Task goal |
After locating the line with "Azusa, California 1887 Bird's Eye View" below, output it and each following line exactly, stopping after the line with "Supermercados DIA Dia". No pictures.
Start of Entries supplied
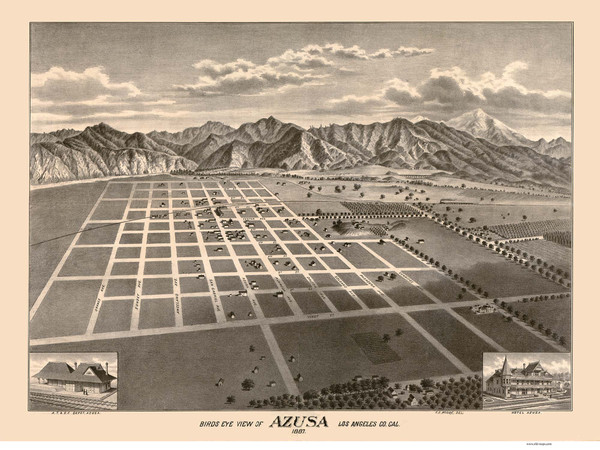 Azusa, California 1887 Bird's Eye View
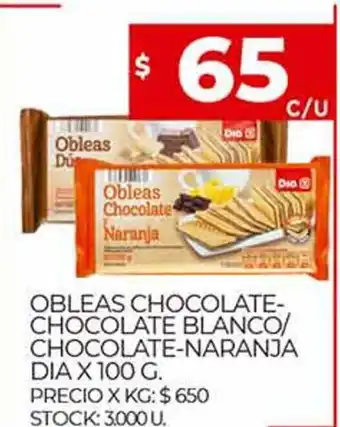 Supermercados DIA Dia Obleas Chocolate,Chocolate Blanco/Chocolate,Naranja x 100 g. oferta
End of Entries supplied
Start of Entries supplied
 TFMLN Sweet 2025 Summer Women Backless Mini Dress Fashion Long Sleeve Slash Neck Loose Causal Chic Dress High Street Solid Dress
End of Entries supplied
Start of Entries supplied
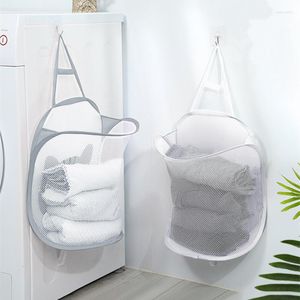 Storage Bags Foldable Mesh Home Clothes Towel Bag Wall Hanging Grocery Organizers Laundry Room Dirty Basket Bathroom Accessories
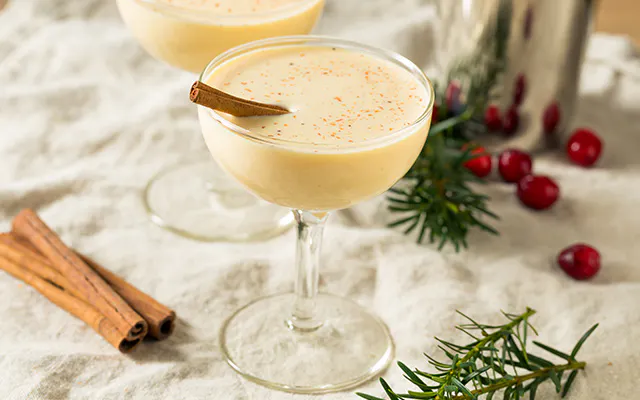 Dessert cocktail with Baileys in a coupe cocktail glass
End of Entries supplied
Exercise output |
 Azusa, California 1887 Bird's Eye View
 Supermercados DIA Dia Obleas Chocolate,Chocolate Blanco/Chocolate,Naranja x 100 g. oferta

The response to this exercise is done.